AThe neutrino decays into lighter particles during propagation
BThe neutrino flavor state nu_mu is a superposition of mass eigenstates nu_2 and nu_3, which propagate with slightly different phases (because they have different masses); after traveling distance L, the phase difference causes the flavor composition to change — the muon neutrino has partially transformed into a tau neutrino
CThe neutrino interacts with matter in the Earth and changes flavor
DThe neutrino loses energy and falls below the detection threshold
Neutrino oscillation is a quantum interference effect. The flavor state |nu_mu> = cos(theta_23)|nu_2> + sin(theta_23)|nu_3> evolves as each mass eigenstate accumulates a phase proportional to m_i^2 * L / (2E). The resulting phase difference is proportional to Delta m^2 * L/E. After propagation, the overlap with |nu_mu> is reduced and the overlap with |nu_tau> is enhanced. The Super-Kamiokande experiment observed this effect in 1998 for atmospheric neutrinos, finding a strong zenith-angle-dependent deficit of upward-going muon neutrinos (which travel ~13,000 km through the Earth) compared to downward-going ones (~15 km), consistent with oscillation with Delta m^2_{32} ~ 2.5 x 10^{-3} eV^2.
Question 2 Short Answer
Neutrino oscillation experiments measure mass-squared differences (Delta m^2_{21} ~ 7.5 x 10^{-5} eV^2 and |Delta m^2_{32}| ~ 2.5 x 10^{-3} eV^2) but not the absolute mass scale. Why can't oscillation experiments determine the individual neutrino masses?
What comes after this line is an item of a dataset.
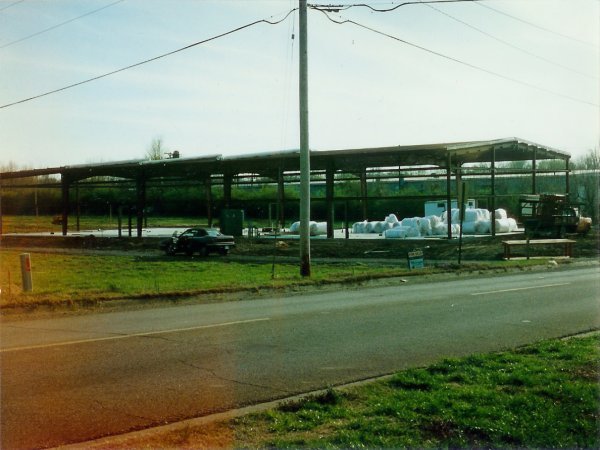 img_0009_lg.jpg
Think about your answer, then reveal below.
Model answer: The oscillation probability depends on the phase difference between mass eigenstates, which is proportional to (m_i^2 - m_j^2) * L / (2E) = Delta m^2_{ij} * L / (2E). An overall shift of all masses by the same amount does not change any Delta m^2 and therefore does not affect oscillation. For example, m_1 = 0.1 eV, m_2 = 0.1005 eV and m_1 = 1.0 eV, m_2 = 1.0005 eV give the same Delta m^2 = 10^{-4} eV^2. The absolute mass scale must be determined by other methods: beta decay endpoint measurements (KATRIN, current limit m_beta < 0.45 eV), neutrinoless double beta decay (sensitive to the Majorana mass), or cosmological constraints from the CMB and large-scale structure (sum of masses < ~0.12 eV from Planck).
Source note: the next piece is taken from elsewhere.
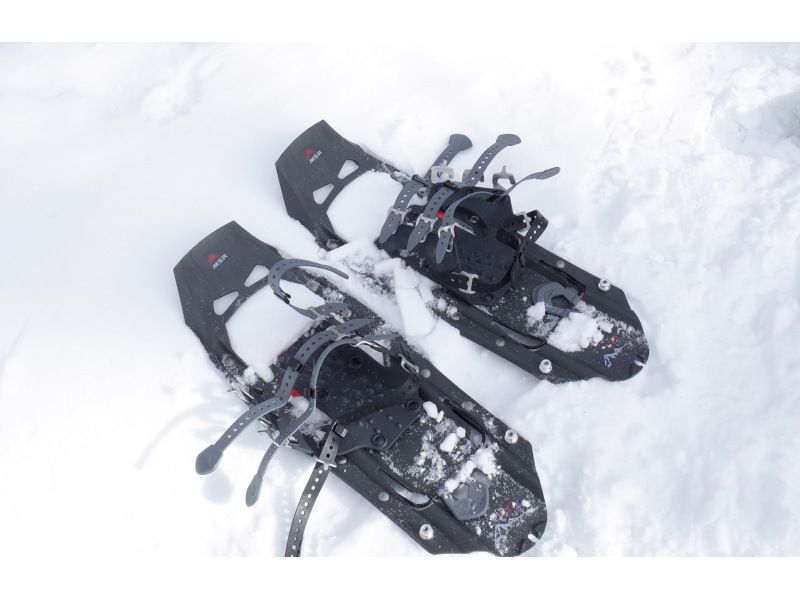 [Tochigi, Nikko, Nikko Yumoto Onsen] Snowshoe trekking (intermediate)の紹介画像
The unknown absolute mass scale also means we don't know the 'mass ordering': whether m_3 is the heaviest (normal ordering) or lightest (inverted ordering). Determining the ordering is a primary goal of current experiments (JUNO, DUNE, Hyper-K) and has implications for neutrinoless double beta decay and cosmology.
Question 3 True / False
The solar neutrino problem -- a deficit of electron neutrinos from the Sun compared to theoretical predictions -- was resolved by the SNO experiment in 2001. SNO detected all three neutrino flavors and found that the total neutrino flux agreed with the solar model prediction.
TTrue
FFalse
Answer: True
Previous experiments (Homestake, Kamiokande, SAGE, GALLEX) detected only electron neutrinos and found about 1/3 to 1/2 of the expected flux. SNO used heavy water (D_2O), which enabled three detection channels: charged current (CC, sensitive only to nu_e), neutral current (NC, sensitive to all flavors equally), and elastic scattering (ES, sensitive to all flavors but enhanced for nu_e). The CC rate confirmed the deficit, but the NC rate showed the total flux agreed with the solar model. The missing electron neutrinos had oscillated into muon and tau neutrinos. This result, combined with the matter-enhanced oscillation (MSW effect) in the Sun, determined the solar oscillation parameters: Delta m^2_{21} ~ 7.5 x 10^{-5} eV^2 and theta_12 ~ 34 degrees.